Ensuring your child is getting enough sleep is important for their physical and mental wellbeing. In fact, studies have shown that children who regularly get enough sleep have improved attention, learning and overall health.
As a parent, it can sometimes be hard to get your little one into a consistent sleeping routine. They may even be refusing to go sleep or waking up in the night.
While every child is different, there are many things you can do to help them. Here are some of our top sleep tips for children.
Know how much sleep your child should be getting
Firstly, it’s important to know how much sleep they should be getting for their age. If your baby is 4 to 12 months old, the NHS recommend that they should get 12 to 16 hours including naps.
For toddlers aged 1 to 2 years old, the NHS you should aim for 11 to 14 hours including naps. Then as your child reaches 3 to 5 years, they should be getting 9 to 12 hours.
While these approximations aren’t set in stone, they are a good benchmark and can help identify if your child is getting too much or too little sleep. This could be making them cranky or struggling to get to sleep – every parent’s nightmare!
Create a consistent routine
One of the key things to consider when helping them get to sleep is their routine. Sticking to a consistent routine will help them feel secure and creates predictability in their day.
This means having a set bedtime and wake up time, give or take 30-60 minutes. Research has found that children with irregular bedtimes were six times as likely to display hyperactive behaviours.
Young children should have earlier bedtimes, ideally between 6.30 pm and 7.30 pm as they tend to have their deepest sleep between 8 pm and midnight. This allows enough time to get the sleep they need if they have an early morning rise for nursery.
Help them relax before bedtime
There are also many ways you can help your child relax and wind down before they go to bed. If you’ve been out at work all day, spending some quality time together can help them settle down.

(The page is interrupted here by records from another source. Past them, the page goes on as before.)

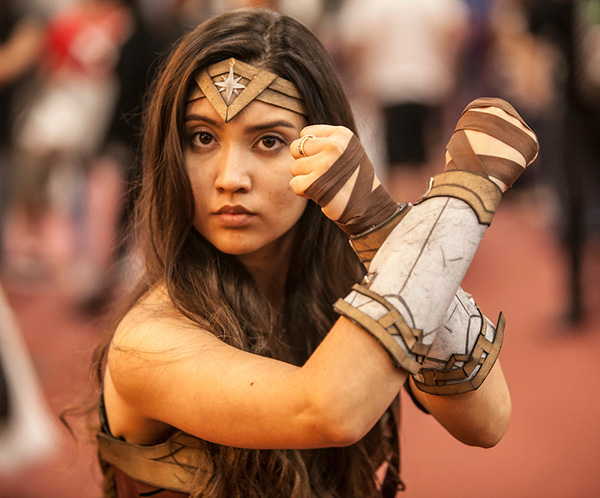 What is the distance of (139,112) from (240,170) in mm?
2270

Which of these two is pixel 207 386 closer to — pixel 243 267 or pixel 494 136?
pixel 243 267

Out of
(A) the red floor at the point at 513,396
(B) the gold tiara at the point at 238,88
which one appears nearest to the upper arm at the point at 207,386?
(B) the gold tiara at the point at 238,88

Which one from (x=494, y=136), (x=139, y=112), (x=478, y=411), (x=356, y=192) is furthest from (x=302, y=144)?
(x=139, y=112)

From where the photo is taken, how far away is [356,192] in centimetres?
126

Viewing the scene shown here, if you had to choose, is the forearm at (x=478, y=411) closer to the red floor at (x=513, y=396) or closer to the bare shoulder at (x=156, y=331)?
the bare shoulder at (x=156, y=331)

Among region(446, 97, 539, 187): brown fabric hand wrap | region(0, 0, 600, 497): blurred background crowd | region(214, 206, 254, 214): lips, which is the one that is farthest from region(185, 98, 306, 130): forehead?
region(0, 0, 600, 497): blurred background crowd

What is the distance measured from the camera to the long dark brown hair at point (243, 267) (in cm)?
151

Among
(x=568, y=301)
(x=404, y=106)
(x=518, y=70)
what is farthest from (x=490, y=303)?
(x=518, y=70)

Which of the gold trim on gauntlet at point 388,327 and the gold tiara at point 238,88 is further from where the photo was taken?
the gold tiara at point 238,88

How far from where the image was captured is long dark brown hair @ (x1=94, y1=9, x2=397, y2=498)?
1515mm

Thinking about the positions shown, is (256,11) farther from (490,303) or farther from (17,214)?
(17,214)

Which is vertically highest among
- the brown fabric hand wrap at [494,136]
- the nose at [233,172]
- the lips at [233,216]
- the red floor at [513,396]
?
the brown fabric hand wrap at [494,136]

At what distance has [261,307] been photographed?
1.67 metres

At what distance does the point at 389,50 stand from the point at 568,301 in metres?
2.17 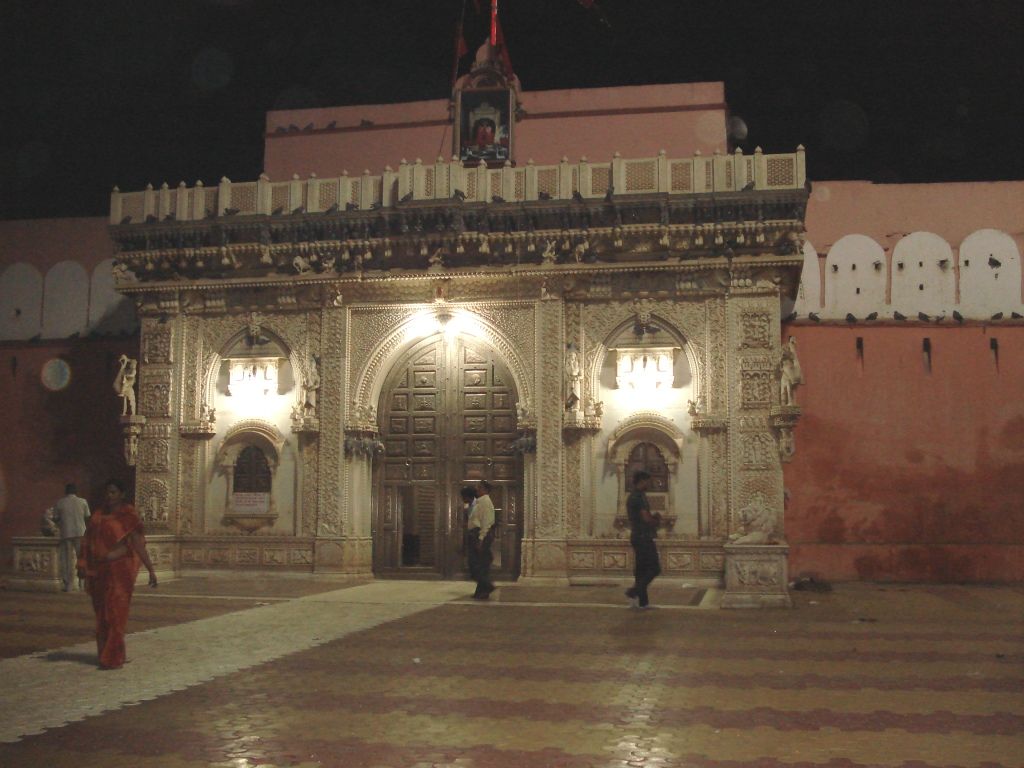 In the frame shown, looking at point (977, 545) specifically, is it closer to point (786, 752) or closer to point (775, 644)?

This could involve reading to them, asking them about their day or running them a hot bath. By having an evening ritual, this will help them recognise when it is time to sleep.
Limit screen time
While electronic devices have their benefits, using them before bed can have a negative effect on a child’s sleep quality. This is because the light stimulates the brain and so makes it difficult to settle down.
You should aim to keep them away from any screens for at least one to two hours before bed. Also, avoid keeping any electronic devices in their room which might flash in the night.
Limiting their screen time throughout the day and encouraging them to be active and take part in other activities will help to burn through their energy. This will then make them more tired and fall asleep more easily.
Make sure they don’t nap too much
Since many toddlers don’t manage to sleep the recommended 11 to 14 hours per night, naps during the day are a must. If they don’t get their nap time in, they are more likely to be cranky and prone to tantrums.
However, you should ensure they aren’t overdoing their naps as this could be affecting their sleep. These should also be in either the morning or afternoon and not too close to bedtime.